Calculate the cosine and Pearson’s product-moment correlation coefficient for the combination of two items between x, y, z fields (with d option).

$ msim c=pearson,cosine f=x,y,z -d i=dat1.csv o=rsl2.csv
#END# kgsim -d c=pearson,cosine f=x,y,z i=dat1.csv o=rsl2.csv
$ more rsl2.csv
fld1,fld2,pearson,cosine
x,x,1,1
x,y,-0.5088704666,0.7860308044
x,z,0.1963041929,-0.5338153343
y,x,-0.5088704666,0.7860308044
y,y,1,1
y,z,0.3311001423,-0.5524409416
z,x,0.1963041929,-0.5338153343
z,y,0.3311001423,-0.5524409416
z,z,1,1

Example 3: Calculation based on key unit

Calculate using key field as unit.

$ more dat2.csv
key,x,y,z
A,14,0.17,-14
A,11,0.2,-1
A,32,0.15,-2
B,13,0.33,-2
B,10,0.8,-5
B,15,0.45,-9
$ msim k=key c=pearson,cosine f=x,y,z i=dat2.csv o=rsl3.csv
#END# kgsim c=pearson,cosine f=x,y,z i=dat2.csv k=key o=rsl3.csv
$ more rsl3.csv
key%0,fld1,fld2,pearson,cosine
A,x,y,-0.8746392857,0.8472573627
A,x,z,0.3164384831,-0.521983618
A,y,z,0.1830936883,-0.6719258683
B,x,y,-0.7919009884,0.8782575583
B,x,z,-0.471446429,-0.9051543403
B,y,z,-0.1651896746,-0.8514129252

Example 4: Specify the type of degree of similarity

Using the data with 01 values, compute the phi coefficient and Hamming distance.

$ more dat3.csv
x,y,z
1,1,0
1,0,1
1,0,1
0,1,1
$ msim c=hamming,phi f=x,y,z i=dat3.csv o=rsl4.csv
#END# kgsim c=hamming,phi f=x,y,z i=dat3.csv o=rsl4.csv
$ more rsl4.csv
fld1,fld2,hamming,phi
x,y,0.75,-0.5773502692
x,z,0.5,-0.3333333333
y,z,0.75,-0.5773502692

Example 5: Rename the column containing degree of similarity

Using the data with 01 values, compute the phi coefficient and Hamming distance and change the output field name.
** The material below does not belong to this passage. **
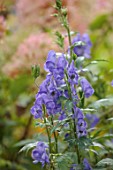 WILD THYME COTTAGE, STAFFORDSHIRE: CLOSE UP OF BLUE FLOWERS OF ACONITUM CARMICHAELII ARENDSII, MONKSHOOD, PERENNIALS, PETALS, FALL, AUTUMN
$ msim c=hamming:HammingDist,phi:PhiCoeff a=variable1,variable2 f=x,y,z i=dat3.csv o=rsl5.csv
#END# kgsim a=variable1,variable2 c=hamming:HammingDist,phi:PhiCoeff f=x,y,z i=dat3.csv o=rsl5.csv
$ more rsl5.csv
variable1,variable2,HammingDist,PhiCoeff
x,y,0.75,-0.5773502692
x,z,0.5,-0.3333333333
y,z,0.75,-0.5773502692

Related Commands

mstats : Calculate the statistics of one variable.

mmvsim : Calculate sliding window similarity measure.